Grazie al libro di Di Franco possiamo così ripercorrere gli incontri decisivi che hanno fatto del fiol del calzuler uno tra i più colti e metodologicamente aperti italianisti del suo tempo.

L’incontro con Franco Serra, ad esempio, che gli spalancò le porte della sua ricchissima biblioteca e lo introdusse alla figura dello zio Renato, lo scrittore e critico cesenate, morto giovanissimo sul fronte del Carso nel 1915, che proprio Raimondi contribuì in modo decisivo a far entrare nel canone della letteratura italiana.

Oppure Roberto Longhi, la figura che più lo influenzò negli anni universitari e da cui, anche se poi seguì la strada della letteratura e non dell’arte, imparò quella sensibilità per il dato materiale che è la dote prima di un filologo.
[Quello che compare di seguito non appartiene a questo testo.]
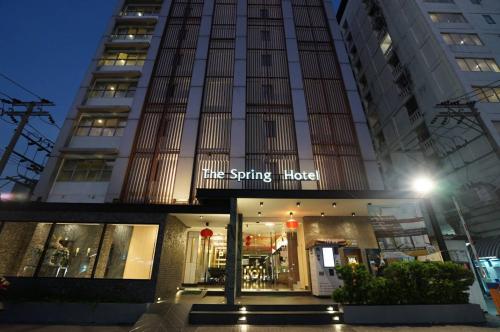 a building with a sign that reads the spring hotel at The Spring Bangkok in Bangna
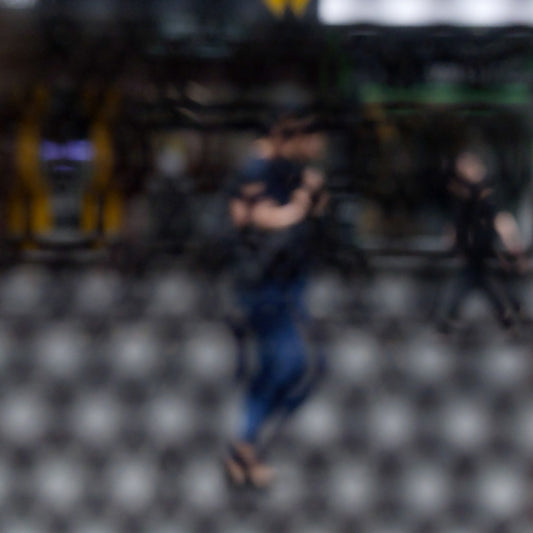 Urban Commute - Series No.2: 9609 - Close Detail View, fine art photograph by Raymond Mather featuring a blurred morning commuter with a backpack, seen mid-stride through a patterned surface. Another figure passes in the background. A layered urban image of movement and solitude.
E poi Carlo Calcaterra, il maestro suo come anche di Camporesi e Pasolini; Gianfranco Contini, che trovò subito congeniale l’intreccio tra filologia ed ermeneutica del giovane Raimondi e il suo tirocinio con Longhi e Calcaterra, che aveva fatto la Resistenza con lui in Valdossola; e ancora Giorgio Pasquali, che lo stimava ma non amava lo stile narrativo del suo libro sull’umanista bolognese Antonio Urceo Codro (scelta invece ancora oggi vivissima); o Delio Cantimori, lo storico degli eretici, che esortò Raimondi a mettere per iscritto quelle «velleità manzoniane» che poi divennero Il romanzo senza idillio, il suo libro forse più importante.

Insomma, quella ricostruita da Di Franco è anche una storia della cultura accademica italiana del secondo dopoguerra vista dagli occhi di un suo protagonista.

Cultura italiana è però dire troppo poco: il libro infatti si conclude con gli anni sessanta, quando Raimondi – anche in questo un precursore – fece i suoi primi soggiorni di ricerca e insegnamento negli Stati Uniti.

Al ritorno, attraverso un libro che gli era stato donato in segno di stima dai suoi studenti americani, contribuì a far conoscere in Italia Mikhail Bachtin, lo scopritore (sovietico) del filone carnevalesco nella cultura popolare e di quello straordinario antidoto contro ogni dogmatismo che è la polifonia, cioè l’idea della necessaria compresenza in un’opera che si vuole grande di voci diverse e difficilmente componibili. Le voci dei libri, appunto.